Exercise.
Once the line containing "3D Daisy Single" is found, return it and every line that follows, up to and including the final line of the material, exactly as written.

=== Section Start ===

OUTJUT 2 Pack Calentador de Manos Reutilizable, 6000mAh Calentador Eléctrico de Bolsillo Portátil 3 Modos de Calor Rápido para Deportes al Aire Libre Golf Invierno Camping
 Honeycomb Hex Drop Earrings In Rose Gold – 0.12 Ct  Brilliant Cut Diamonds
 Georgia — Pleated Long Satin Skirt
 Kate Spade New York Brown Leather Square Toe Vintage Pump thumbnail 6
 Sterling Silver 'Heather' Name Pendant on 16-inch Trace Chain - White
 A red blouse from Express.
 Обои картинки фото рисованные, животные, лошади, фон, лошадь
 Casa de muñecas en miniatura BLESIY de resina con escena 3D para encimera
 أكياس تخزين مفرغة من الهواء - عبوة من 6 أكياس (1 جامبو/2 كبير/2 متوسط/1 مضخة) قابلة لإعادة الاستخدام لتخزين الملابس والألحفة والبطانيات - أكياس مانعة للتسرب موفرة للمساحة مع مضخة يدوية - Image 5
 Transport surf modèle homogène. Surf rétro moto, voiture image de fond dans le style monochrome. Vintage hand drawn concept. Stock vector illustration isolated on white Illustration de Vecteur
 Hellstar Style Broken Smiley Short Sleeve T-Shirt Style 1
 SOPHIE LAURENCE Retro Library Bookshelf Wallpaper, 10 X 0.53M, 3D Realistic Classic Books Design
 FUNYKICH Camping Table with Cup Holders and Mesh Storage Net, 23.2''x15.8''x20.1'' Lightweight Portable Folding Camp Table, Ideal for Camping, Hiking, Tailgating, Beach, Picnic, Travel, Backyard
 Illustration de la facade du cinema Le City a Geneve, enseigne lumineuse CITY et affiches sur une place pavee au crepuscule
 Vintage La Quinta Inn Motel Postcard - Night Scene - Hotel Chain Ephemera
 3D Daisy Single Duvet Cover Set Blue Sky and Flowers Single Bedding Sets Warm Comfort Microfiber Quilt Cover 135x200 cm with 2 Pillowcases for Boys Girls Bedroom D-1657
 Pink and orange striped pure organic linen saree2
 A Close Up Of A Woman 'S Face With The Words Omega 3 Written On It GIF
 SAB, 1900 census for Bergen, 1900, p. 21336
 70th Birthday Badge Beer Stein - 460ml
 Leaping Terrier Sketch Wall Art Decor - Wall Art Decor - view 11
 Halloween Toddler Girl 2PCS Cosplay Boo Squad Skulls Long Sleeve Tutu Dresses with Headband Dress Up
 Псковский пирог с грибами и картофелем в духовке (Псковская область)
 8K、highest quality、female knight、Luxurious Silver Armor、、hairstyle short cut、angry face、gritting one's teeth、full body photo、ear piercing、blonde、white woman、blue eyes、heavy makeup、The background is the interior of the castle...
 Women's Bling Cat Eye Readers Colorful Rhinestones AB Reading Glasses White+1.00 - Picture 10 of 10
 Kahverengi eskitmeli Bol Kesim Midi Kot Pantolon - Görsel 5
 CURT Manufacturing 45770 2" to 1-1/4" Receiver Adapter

=== Section End ===

Solution to the exercise.
 3D Daisy Single Duvet Cover Set Blue Sky and Flowers Single Bedding Sets Warm Comfort Microfiber Quilt Cover 135x200 cm with 2 Pillowcases for Boys Girls Bedroom D-1657
 Pink and orange striped pure organic linen saree2
 A Close Up Of A Woman 'S Face With The Words Omega 3 Written On It GIF
 SAB, 1900 census for Bergen, 1900, p. 21336
 70th Birthday Badge Beer Stein - 460ml
 Leaping Terrier Sketch Wall Art Decor - Wall Art Decor - view 11
 Halloween Toddler Girl 2PCS Cosplay Boo Squad Skulls Long Sleeve Tutu Dresses with Headband Dress Up
 Псковский пирог с грибами и картофелем в духовке (Псковская область)
 8K、highest quality、female knight、Luxurious Silver Armor、、hairstyle short cut、angry face、gritting one's teeth、full body photo、ear piercing、blonde、white woman、blue eyes、heavy makeup、The background is the interior of the castle...
 Women's Bling Cat Eye Readers Colorful Rhinestones AB Reading Glasses White+1.00 - Picture 10 of 10
 Kahverengi eskitmeli Bol Kesim Midi Kot Pantolon - Görsel 5
 CURT Manufacturing 45770 2" to 1-1/4" Receiver Adapter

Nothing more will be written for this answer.